LogLLM
Is your ML script too cluttered for manual logging? 😵 No worries—here’s the seamless solution you’ve been looking for! ✨Automate All Your Machine Learning Experiment Logging with LLMs
System Flow
A package that automates the extraction of experimental conditions from your Python scripts with GPT4o-mini, and logs results using Weights & Biases (W&B).
Installation
git clone https://github.com/shure-dev/logllm.git pip install -e .
export OPENAI_API_KEY="your-openai-api-key" wandb login
Usage
# In your Jupyter Notebook (sample-script.ipynb) from logllm import log_llm notebook_path = "sample-script.ipynb" project_name = "sample-project" log_llm(notebook_path, project_name)
How it works
LLM("Our prompt" + "Your ML script") = "Extracted experimental conditions"
Our Prompt
You are advanced machine learning experiment designer.
Extract all experimental conditions and results for logging via wandb api.

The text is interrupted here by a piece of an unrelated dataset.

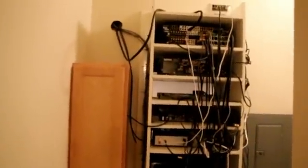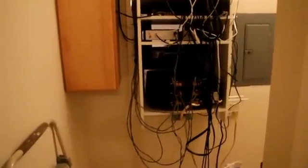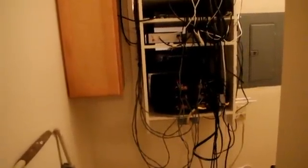Then we have the Anthem D2 processor at the top, Pioneer Blu-ray player, a Sony Blu-ray player, satellite box, external DAC for the Sonos, and an Usher R6.0 — it's 125 watts times 6 — for powering the two sets of sides and the rear speakers.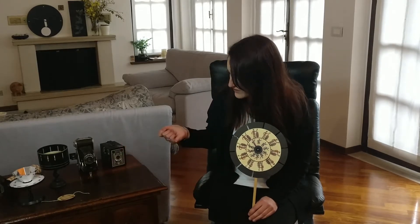Ciao a tutti, mi chiamo Rachele e sono nel salotto a Casa di Kaleidoscienza. Qui ci sono moltissime cose interessanti: sono oggetti e strumenti nati per studiare i fenomeni ottici e le percezioni dell'occhio.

Add your original params in your JSON responce if you want to log other params.
Extract all informaiton you can find the given script as int, bool or float value.

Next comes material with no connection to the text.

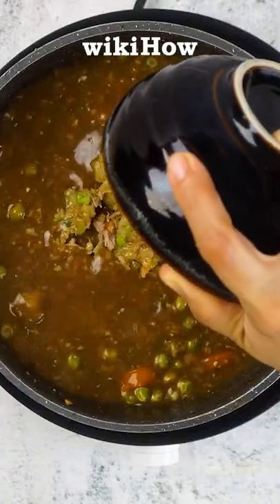A final option is to scoop out some of the soup and blend it until it's smooth before adding it back to the pot.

If you can not describe conditions with int, bool or float value, use list of natural language.
Give advice to improve the acc.
If you use natural language, answer should be very short.

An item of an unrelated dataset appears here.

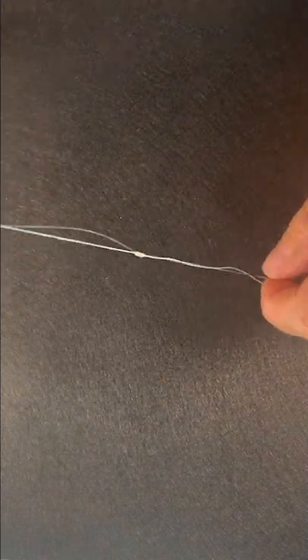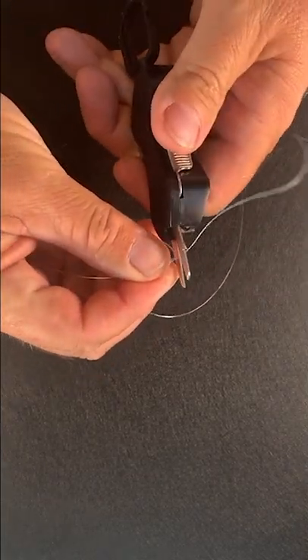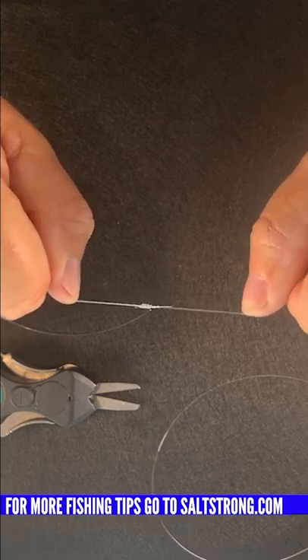Then we're going to drop our tag ends and just hold the main braid line and the leader line, and pull that tight. Then trim the edges off. There you go — that is called a six turn surgeon's knot. So easy anybody can tie it, and it's very very strong.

Do not include information already provided in param_name_1 for `condition_as_natural_langauge`.
Output JSON schema example:
This is just a example, make it change as you want.
{{
"method":"str",
"dataset":"str",
"task":"str",
"is_advanced_method":bool,
"is_latest_method":"",
"accuracy":"",
"other_param_here":"",
"other_param_here":"",
...
"condition_as_natural_langauge":["Small dataset."],
"advice_to_improve_acc":["Use bigger dataset.","Use more simple model."]
}}
Your ML Script
from sklearn import datasets
from sklearn.model_selection import train_test_split
from sklearn.svm import SVC
from sklearn.metrics import accuracy_score
iris = datasets.load_iris()
X = iris.data[iris.target != 2]
y = iris.target[iris.target != 2]
X_train, X_test, y_train, y_test = train_test_split(X, y, test_size=0.2, random_state=42)
model = SVC(kernel='linear')
model.fit(X_train, y_train)
y_pred = model.predict(X_test)
accuracy = accuracy_score(y_test, y_pred)
print(f"Accuracy: {accuracy:.2f}")
Extracted Experimental Conditions
{
"method": "SVC",
"dataset": "Iris",
"task": "classification",
"is_advanced_method": false,
"is_latest_method": "",
"accuracy": 1.00,
"kernel": "linear",
"test_size": 0.2,
"random_state": 42,
"condition_as_natural_langauge": ["Using linear kernel on SVC model.", "Excluding class 2 from Iris dataset.", "Splitting data into 80% training and 20% testing."],
"advice_to_improve_acc": ["Confirm dataset consistency.", "Consider cross-validation for validation."]
}
Contributing
Contributions are welcome! If you have suggestions or improvements, please feel free to submit an issue or a pull request.
License
This project is licensed under the MIT License.